L’uomo “peggiore”, quindi, è colui che «da sveglio agisce come in sogno», in quanto privo sia di razionalità sia di una qualsivoglia forma di controllo nei riguardi dei suoi desideri ed istinti. Platone, arrivato a questo punto della trattazione, chiude, dunque, il cerchio dell’intero disquisire: l’uomo più malvagio è indubbiamente il più infelice. La riflessione ritorna sul grande tema iniziale dell’intera opera: la felicità del giusto e l’infelicità dell’ingiusto.

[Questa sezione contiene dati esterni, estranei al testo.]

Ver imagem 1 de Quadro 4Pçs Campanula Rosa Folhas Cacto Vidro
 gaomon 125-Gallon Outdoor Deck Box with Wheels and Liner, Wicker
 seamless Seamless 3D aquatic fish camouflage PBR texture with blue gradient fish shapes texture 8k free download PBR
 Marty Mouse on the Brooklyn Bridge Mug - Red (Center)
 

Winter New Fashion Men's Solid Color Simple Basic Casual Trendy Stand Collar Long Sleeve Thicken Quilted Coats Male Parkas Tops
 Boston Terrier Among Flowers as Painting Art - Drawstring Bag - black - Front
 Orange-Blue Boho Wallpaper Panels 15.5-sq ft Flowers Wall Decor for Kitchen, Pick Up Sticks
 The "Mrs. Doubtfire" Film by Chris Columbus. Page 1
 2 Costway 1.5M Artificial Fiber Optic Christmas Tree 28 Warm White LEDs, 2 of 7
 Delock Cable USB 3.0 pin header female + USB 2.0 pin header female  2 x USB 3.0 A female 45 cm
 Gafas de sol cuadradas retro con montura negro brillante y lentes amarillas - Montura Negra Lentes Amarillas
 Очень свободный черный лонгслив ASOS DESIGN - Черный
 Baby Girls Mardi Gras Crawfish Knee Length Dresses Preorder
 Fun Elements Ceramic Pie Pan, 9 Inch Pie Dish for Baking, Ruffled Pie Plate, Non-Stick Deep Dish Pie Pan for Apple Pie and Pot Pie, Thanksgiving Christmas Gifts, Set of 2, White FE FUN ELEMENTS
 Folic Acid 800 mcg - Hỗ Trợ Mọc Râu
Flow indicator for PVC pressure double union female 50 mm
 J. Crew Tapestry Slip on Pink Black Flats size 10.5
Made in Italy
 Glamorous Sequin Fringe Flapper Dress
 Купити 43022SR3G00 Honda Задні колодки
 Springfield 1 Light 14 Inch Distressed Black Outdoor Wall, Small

Platone promuove una comparazione tra uomo e Stato: se l’uomo tirannico è il più infelice, allora lo Stato tirannico è la peggiore forma di Stato esistente… al contrario, non esiste realtà più prospera di quella monarchica – l’uomo regale, infatti, è il più felice, secondo Platone -. Ancora una volta la struttura del dialogo non è casuale, bensì serve al filoso greco per esporre, in modo lineare, i motivi per cui la felicità appartiene al giusto e l’infelicità all’ingiusto. Procediamo, quindi, con ordine:

  • la “prima prova” è legittimata proprio dall’argomentazione circa il parallelismo tra individuo e Stato. Se il tiranno è schiavo dei propri desideri ed è alieno da qualsivoglia forma di ragione, allora lo Stato che ha eretto e che governa non è affetto da alcuna libertà. Si tratta di una realtà in cui dominano la paura, la violenza, la passione, l’avidità et similia:

In realtà, anche se qualcuno non la pensa così, il vero tiranno è un vero schiavo per la sua estrema servilità e bassezza, ed è un adulatore dei peggiori, ed evidentemente non può soddisfare in alcun modo i suoi desideri, anzi manca di moltissime cose e agli occhi di chi sappia scrutare il fondo del suo animo, appare davvero povero, e pieno di paura, di convulsioni e di dolori par tutta la vita […].

  • la “seconda prova” viene giustificata dalla tripartizione dell’anima. Ad ognuna di queste parti, corrisponde un preciso tipo di uomo – e, quindi, di Stato -. Platone ne approfitta per ribadire come soltanto il filosofo sappia nutrirsi del vero piacere – la conoscenza – e sia in grado di giudicare – in quanto si affida alla ragione -:

Dunque, sebbene i piaceri siano tre, forse può essere il più dolce quello che concerne la parte dell’anima con cui apprendiamo, e la più dolce l’esistenza di colui che da questa parte è governato?